Yes, it was delicious, Dinant said.
Then he got home and had a Tootsie Roll. Then, he ate a Klondike ice cream bar.
The breakdown came late February after months of following a lean diet. It also came with consequences.
"When I woke up the next day, I had a horrible stomach ache," Dinant said. "My trainer said once you're on the diet, you can try to go back and have a day where you binge on bad food and it's going to give you a stomach ache."

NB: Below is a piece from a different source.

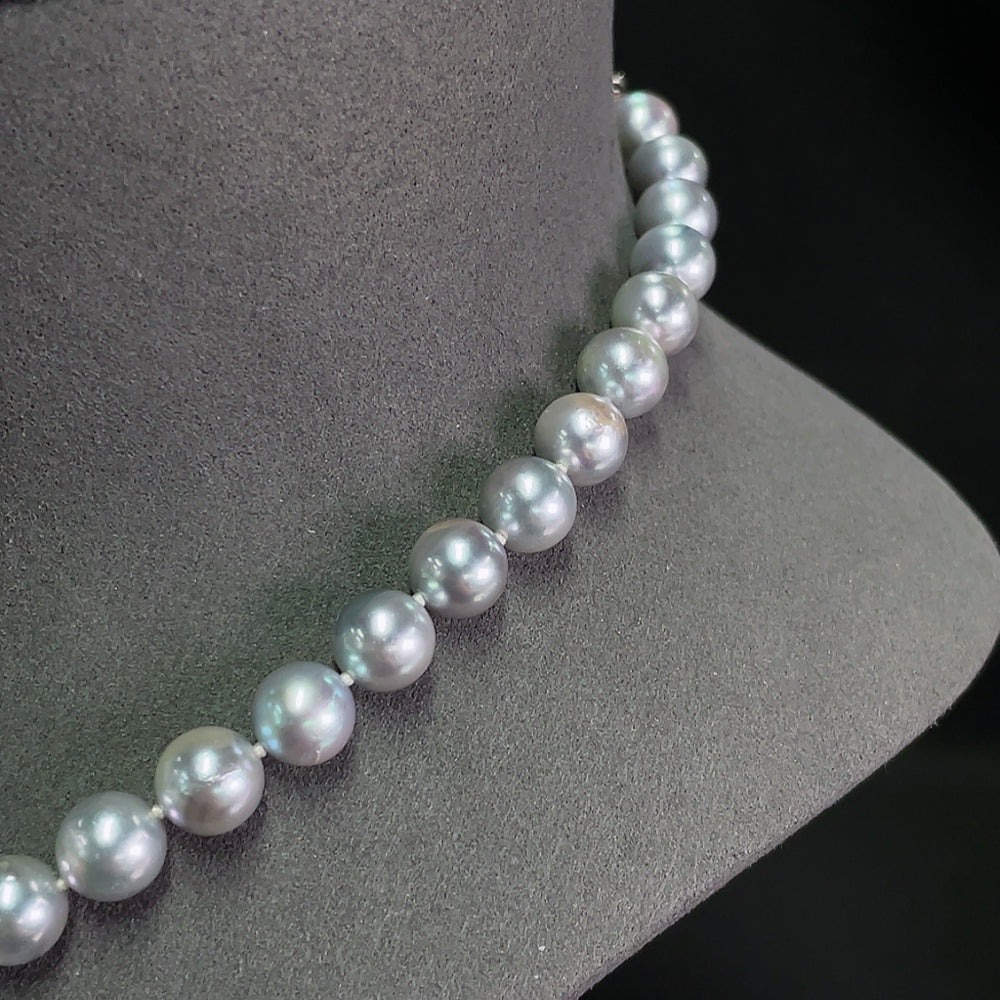 Saltwater pearl strand necklace by HKHQ featuring lustrous white pearls, non-gold design, elegant and classic jewelry piece.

One of them is Dinant, a Las Vegas, Nevada resident, who wanted to get a six-pack by summer in time for his 10-year high school reunion. He also wants to show off a chiseled stomach on his blog called "Naked Boy News," where he stands shirtless to give "the naked truth about today's news."
The junk food breakdown came after almost two months of staying on a lean diet. The self-described "candyaholic" often craved his favorite treats like York Peppermint patties, macaroons, Mounds bars and Coca Cola.

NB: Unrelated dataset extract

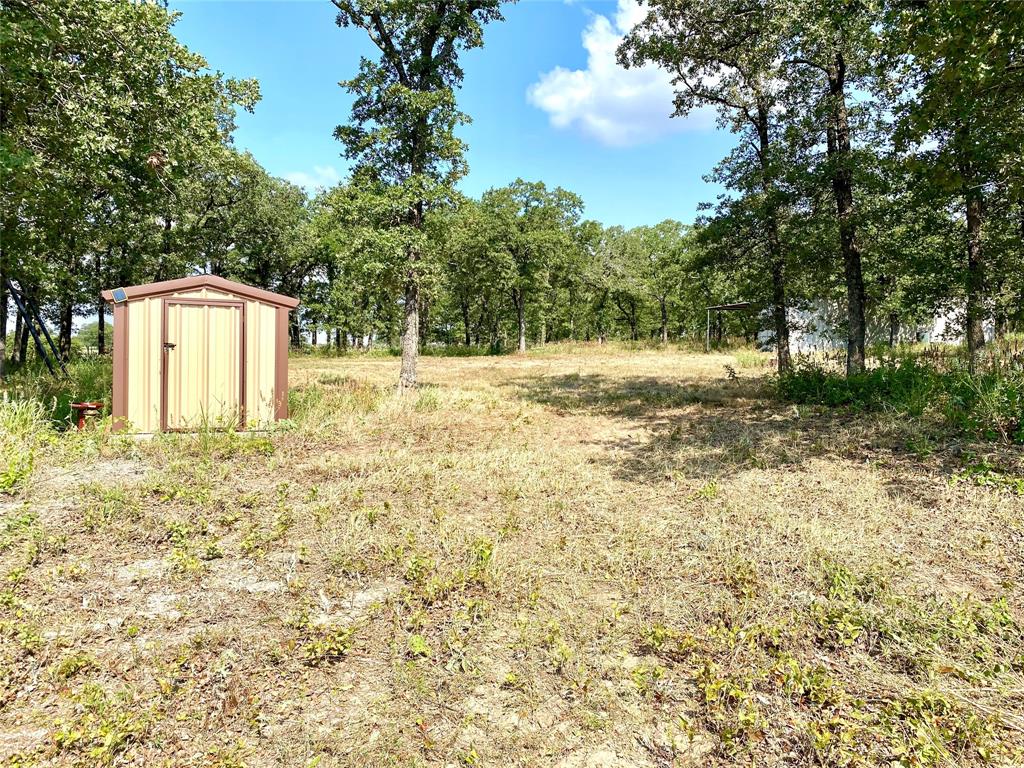 524 County Road 1792 Sunset, TX 76270 - Photo 6 of 40 a view of a house with a yard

"The key to falling off the wagon is not to stay off the wagon," said Gregg Avedon, a certified fitness trainer and model whose chiseled six-pack has appeared on the cover of Men's Health magazine 18 times. "If you fall off the wagon for one day, the problem is it could lead to two days, three days, a week, then you fall off completely. Next thing you know, it leads to two weeks of binge eating."

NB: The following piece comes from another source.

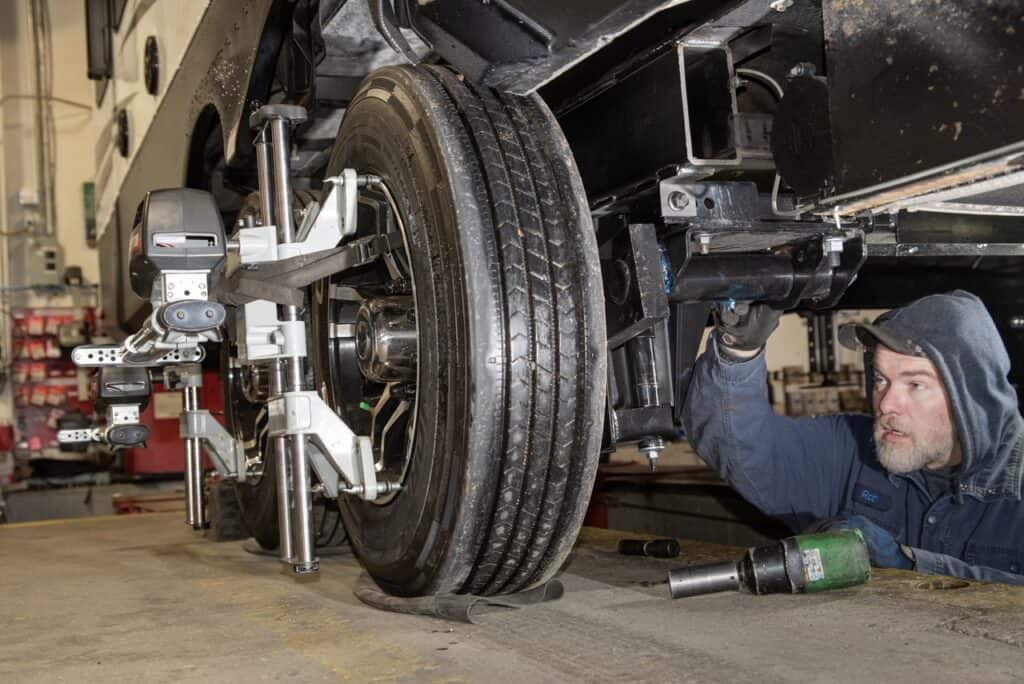 An RV technician performing a wheel and axle alignment on a trailer. Photo: Bruce Smith.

Dinant has maintained his diet of 16 egg whites, one and a quarter-pound of meat, four cups of vegetables, potatoes and rice a day. He treats himself to one Tootsie Roll a day, and sometimes indulges in gelato.
Dinant's quest for six-pack abs -- which initially included 500 daily crunches -- brought attention from his neighbors, an egg company that ships him 15 dozen eggs every two weeks and news media such as USA Today and his hometown newspaper, Las Vegas Review-Journal and blogs.
Some people left words of encouragement for Dinant's quest for tight abs, but others were less supportive. A picture compared him to a toothpick. Another one showed a kitten shooting a shirtless Dinant.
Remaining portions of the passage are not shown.